Entries provided below:

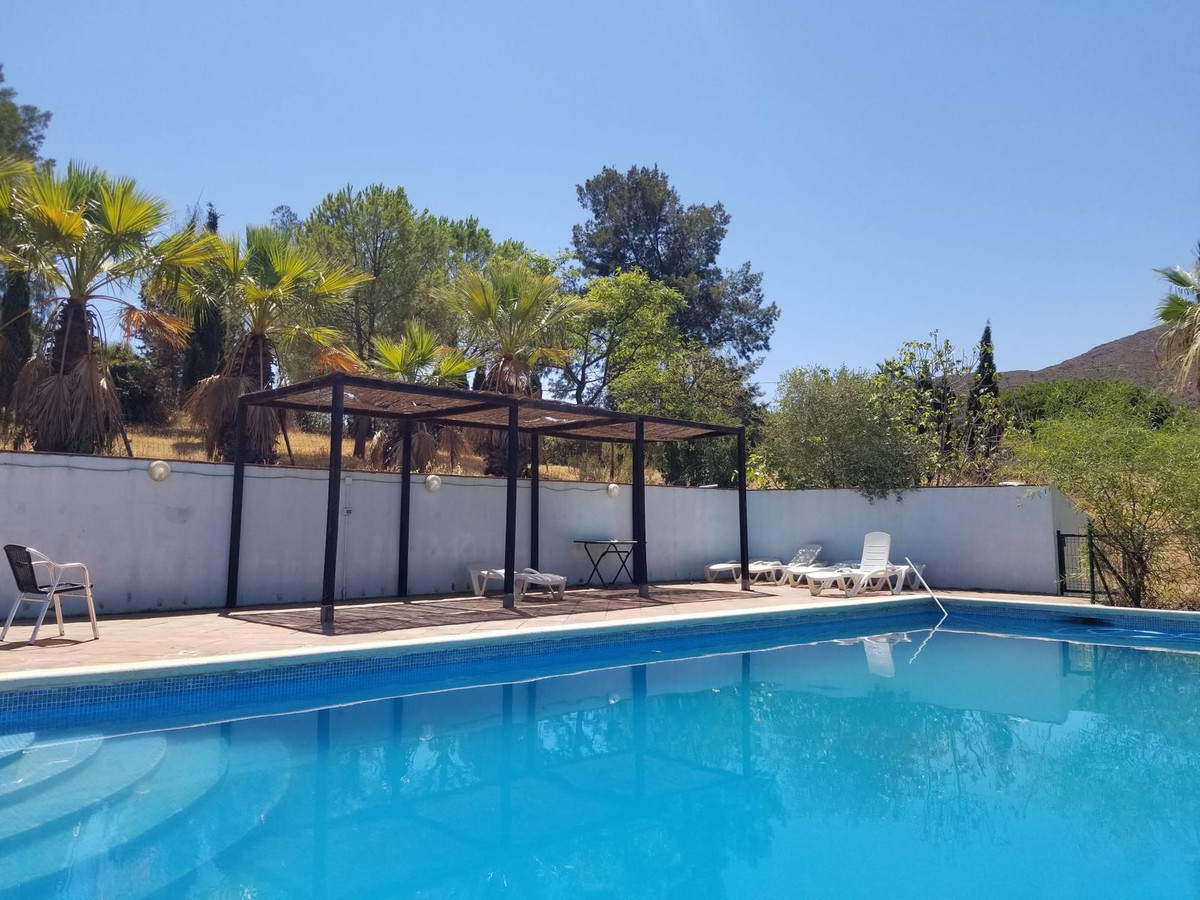Huis te koop in Entrerrios | 4 slaapkamers H5075572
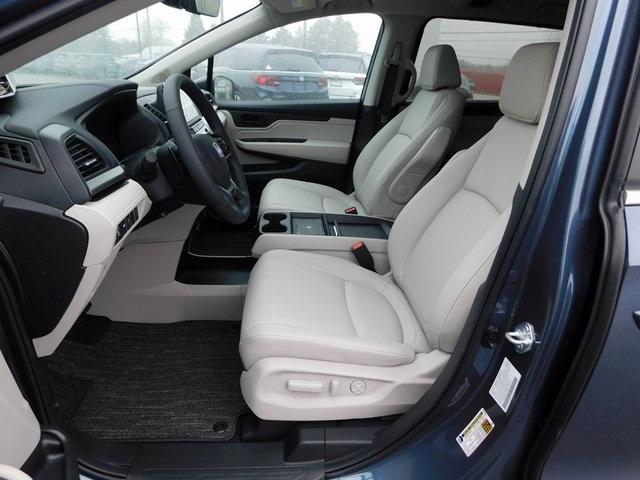 new 2026 Honda Odyssey car, priced at $43,282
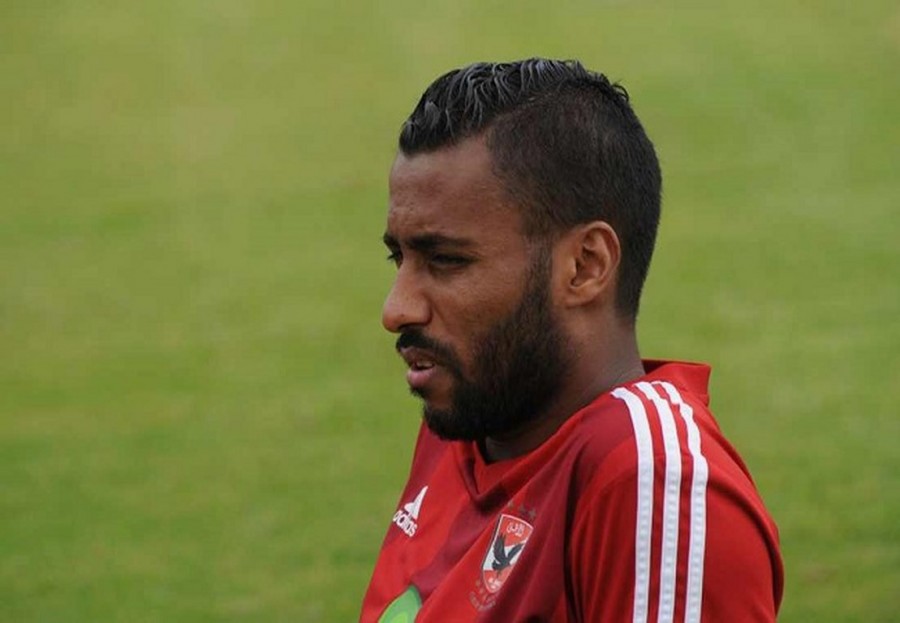 حسام عاشور لاعب خط وسط الفريق الأول لكرة القدم 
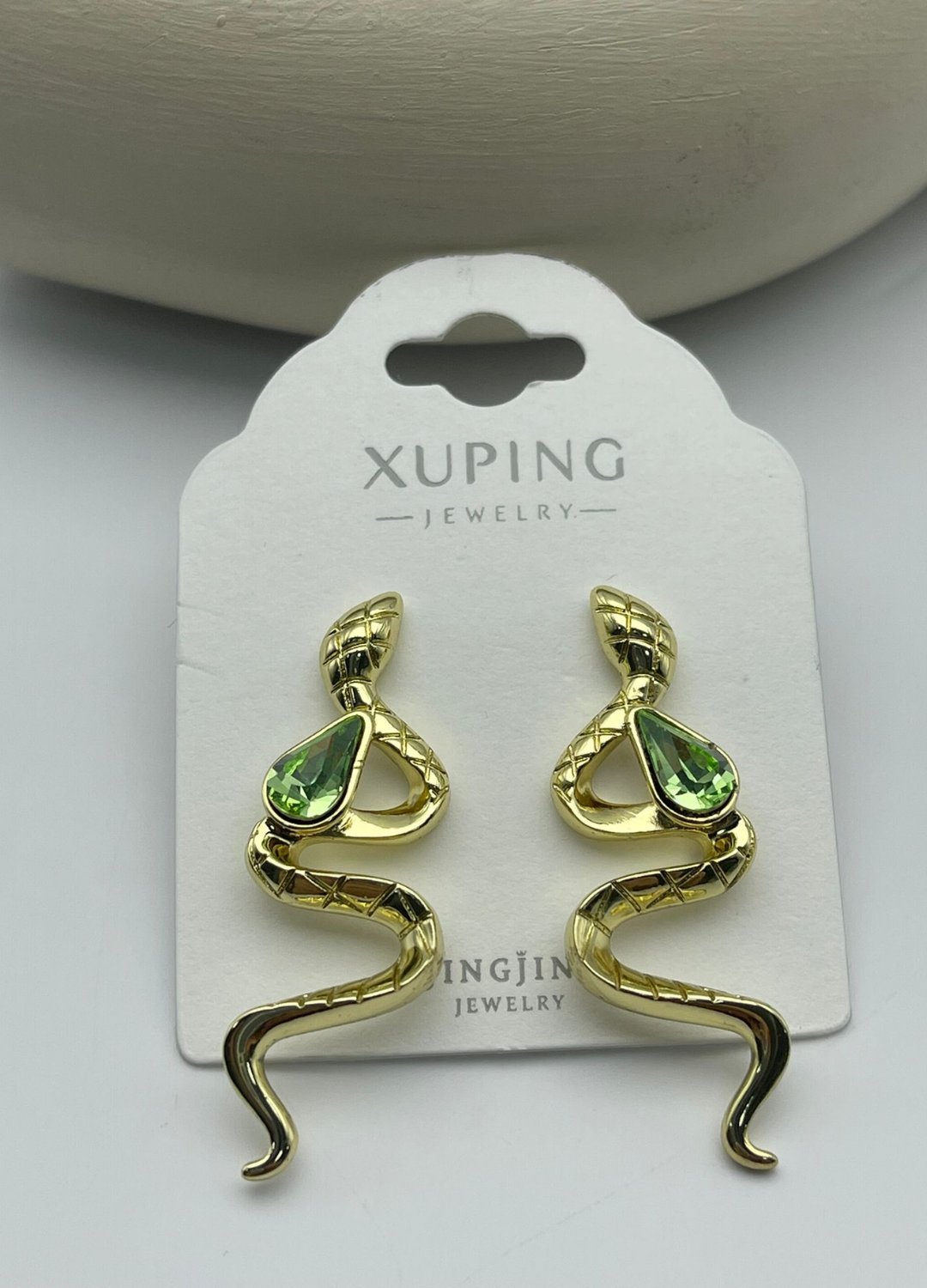 Xuping Gold Yeşil Taşlı Yılan Küpe - 25xpkp347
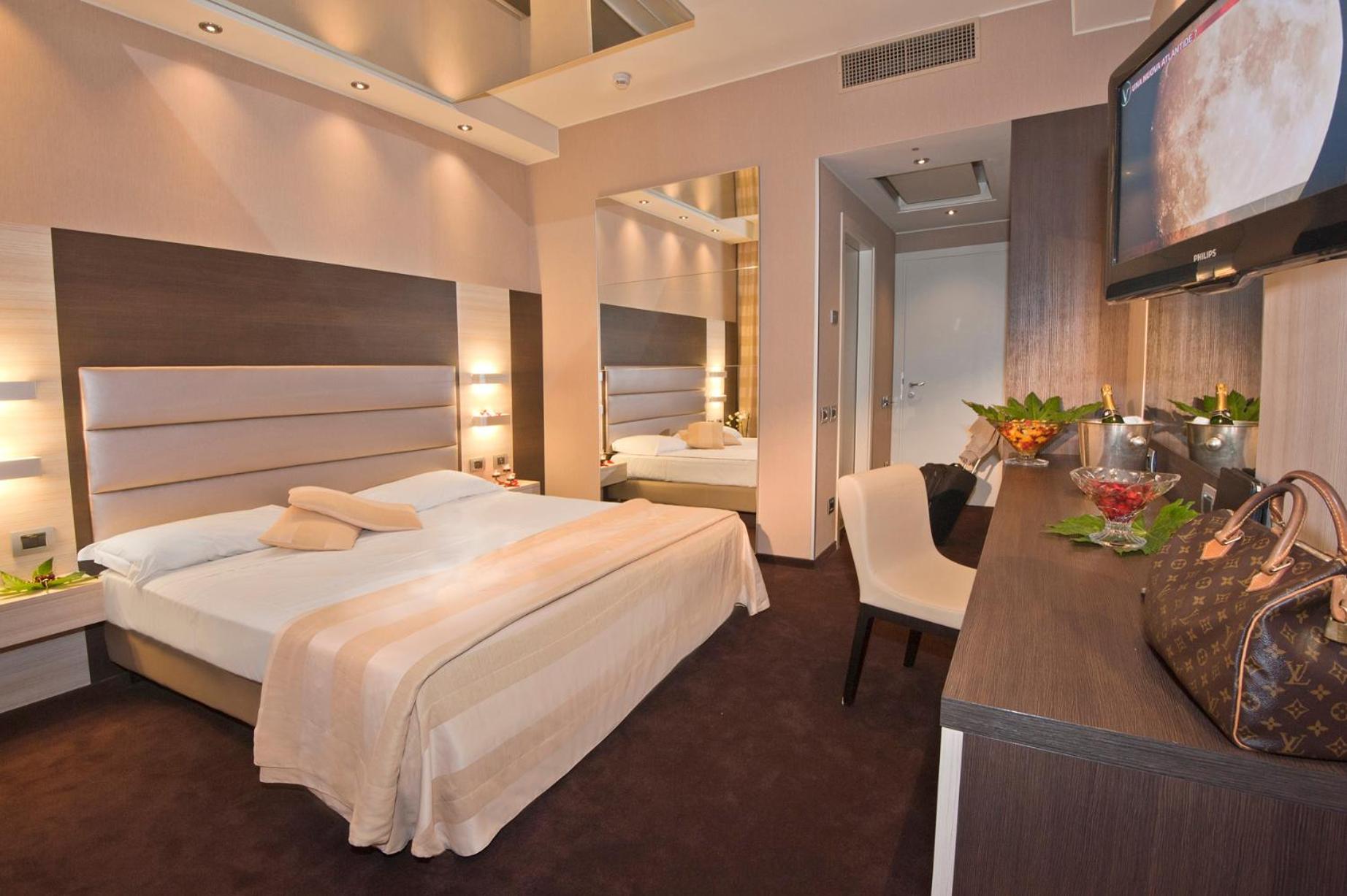Economy Double Room-Annex - Photo 4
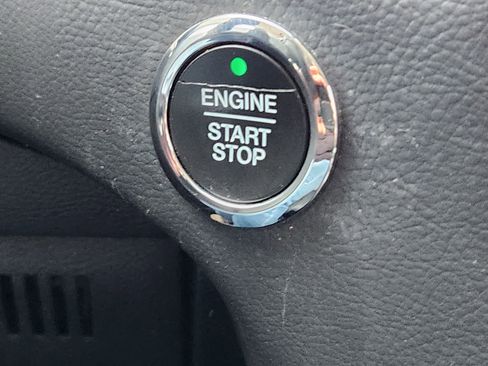 Used 2018 Ford Edge Titanium image 27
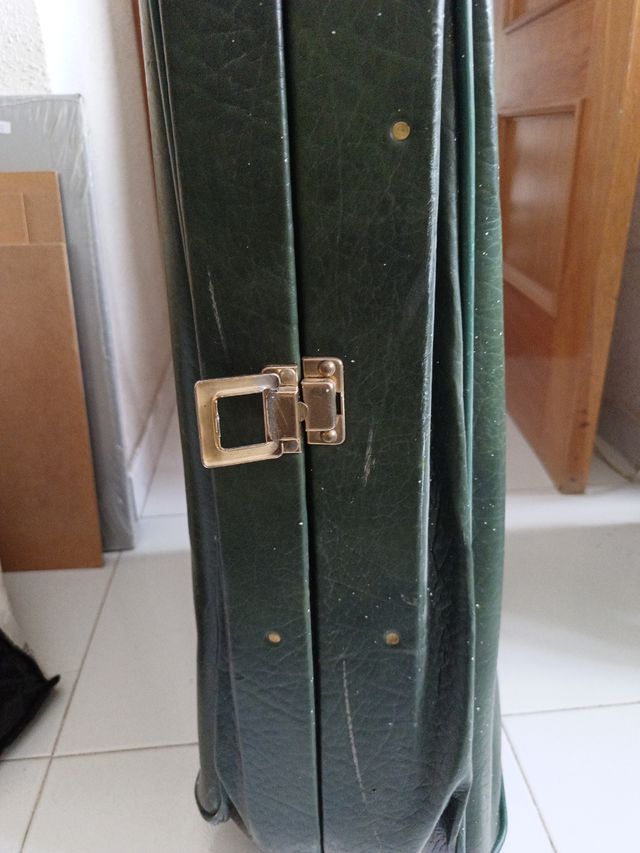 Maleta verde piel vintage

End of Entries provided.

▶ [About this task] Everything in the preceding material must be transcribed exactly, except the images.

▶ [Task response]
Huis te koop in Entrerrios | 4 slaapkamers H5075572
 new 2026 Honda Odyssey car, priced at $43,282
 حسام عاشور لاعب خط وسط الفريق الأول لكرة القدم 
 Xuping Gold Yeşil Taşlı Yılan Küpe - 25xpkp347
Economy Double Room-Annex - Photo 4
 Used 2018 Ford Edge Titanium image 27
 Maleta verde piel vintage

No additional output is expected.